Germain is in his mid-forties and barely literate. He lives in a trailer in his mother’s garden, gets by on irregular jobs, has a group of friends, some less kind than others and a kind-of girlfriend. He enjoys counting pigeons in the park which is where he meets Margueritte, a rather lonely woman in her mid-80s. Against all odds, Margueritte and Germain become friends – mostly because Margueritte is practically the only person who doesn’t think that Germain is an idiot and takes it on herself to further his education a bit.
La tête en friche was a nice book. Intelligent, though not overly intellectual, touching and pretty funny.

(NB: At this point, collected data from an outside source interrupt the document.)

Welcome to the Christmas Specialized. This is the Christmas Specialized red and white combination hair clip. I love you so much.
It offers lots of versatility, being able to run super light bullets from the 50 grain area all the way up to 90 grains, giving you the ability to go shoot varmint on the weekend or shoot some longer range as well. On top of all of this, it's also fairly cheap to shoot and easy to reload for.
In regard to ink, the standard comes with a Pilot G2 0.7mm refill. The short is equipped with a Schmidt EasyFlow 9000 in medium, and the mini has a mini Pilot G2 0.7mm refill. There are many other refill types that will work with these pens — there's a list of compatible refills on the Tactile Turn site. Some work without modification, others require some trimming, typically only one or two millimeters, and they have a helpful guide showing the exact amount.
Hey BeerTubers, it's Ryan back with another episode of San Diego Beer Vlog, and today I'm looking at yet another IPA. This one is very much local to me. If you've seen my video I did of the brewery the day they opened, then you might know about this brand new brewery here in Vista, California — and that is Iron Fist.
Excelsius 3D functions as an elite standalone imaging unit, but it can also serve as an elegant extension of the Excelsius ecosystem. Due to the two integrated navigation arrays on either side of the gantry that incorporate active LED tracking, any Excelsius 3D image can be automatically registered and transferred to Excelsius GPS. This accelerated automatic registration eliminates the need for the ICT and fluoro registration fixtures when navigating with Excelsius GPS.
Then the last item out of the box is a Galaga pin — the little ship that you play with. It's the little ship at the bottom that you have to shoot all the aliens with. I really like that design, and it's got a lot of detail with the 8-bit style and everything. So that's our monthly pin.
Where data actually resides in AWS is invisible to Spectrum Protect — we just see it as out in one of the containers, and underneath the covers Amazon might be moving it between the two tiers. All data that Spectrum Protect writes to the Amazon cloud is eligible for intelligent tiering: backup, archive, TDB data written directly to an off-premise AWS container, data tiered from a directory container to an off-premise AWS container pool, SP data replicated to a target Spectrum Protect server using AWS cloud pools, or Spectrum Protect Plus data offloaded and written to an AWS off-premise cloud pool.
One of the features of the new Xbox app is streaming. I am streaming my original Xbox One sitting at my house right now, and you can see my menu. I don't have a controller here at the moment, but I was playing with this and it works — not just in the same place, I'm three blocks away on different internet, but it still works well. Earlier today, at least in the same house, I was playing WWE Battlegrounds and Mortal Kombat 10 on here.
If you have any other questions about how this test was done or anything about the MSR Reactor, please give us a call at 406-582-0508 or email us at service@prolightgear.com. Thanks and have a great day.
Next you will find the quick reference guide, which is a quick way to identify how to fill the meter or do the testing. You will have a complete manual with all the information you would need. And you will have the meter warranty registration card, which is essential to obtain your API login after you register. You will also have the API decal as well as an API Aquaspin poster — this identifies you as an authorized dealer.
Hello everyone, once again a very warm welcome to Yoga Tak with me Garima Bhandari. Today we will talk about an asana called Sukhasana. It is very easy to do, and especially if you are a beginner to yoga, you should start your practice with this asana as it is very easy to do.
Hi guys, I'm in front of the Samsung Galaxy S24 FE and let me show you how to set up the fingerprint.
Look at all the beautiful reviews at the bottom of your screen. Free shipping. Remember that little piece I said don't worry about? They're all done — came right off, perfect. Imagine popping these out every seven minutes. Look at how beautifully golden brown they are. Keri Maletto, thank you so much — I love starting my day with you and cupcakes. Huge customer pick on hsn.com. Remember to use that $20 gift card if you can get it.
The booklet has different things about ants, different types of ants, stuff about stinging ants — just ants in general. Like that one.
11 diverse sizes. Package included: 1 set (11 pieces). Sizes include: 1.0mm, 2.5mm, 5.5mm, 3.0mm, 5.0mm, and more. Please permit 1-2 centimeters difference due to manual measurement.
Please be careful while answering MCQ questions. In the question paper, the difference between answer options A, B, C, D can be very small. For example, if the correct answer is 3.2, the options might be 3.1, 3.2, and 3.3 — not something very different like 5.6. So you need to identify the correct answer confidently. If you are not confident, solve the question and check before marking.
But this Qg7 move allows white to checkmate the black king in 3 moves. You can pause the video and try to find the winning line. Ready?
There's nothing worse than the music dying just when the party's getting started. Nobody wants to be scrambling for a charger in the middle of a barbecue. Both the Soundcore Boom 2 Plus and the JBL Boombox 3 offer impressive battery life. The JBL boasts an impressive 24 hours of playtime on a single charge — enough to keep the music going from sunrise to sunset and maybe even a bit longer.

La tête en friche is a short book and one that is quickly read. But it’s one of those rare books that is exactly the right length for its story. You don’t want it to be any longer, but it really shouldn’t be any shorter either.
And Roger pulls off another feat: often these kinds of books get terribly didactic and come on too strong *coughFlowersforAlgernoncough*, but this one remains insightful, especially when it comes to the education system, but not overbearing. Plus, there were a lot of nice quotes in it, too.
Basically Roger makes the case that encouragement, instead of prejudice, has a great influence on the success of school and teaching. It’s also an ode to education – when done right. Both are sentiments that I can wholeheartedly agree with.
Summarising: if you’re in the mood for light, but not dumb and shallow reading, it’s the book for you.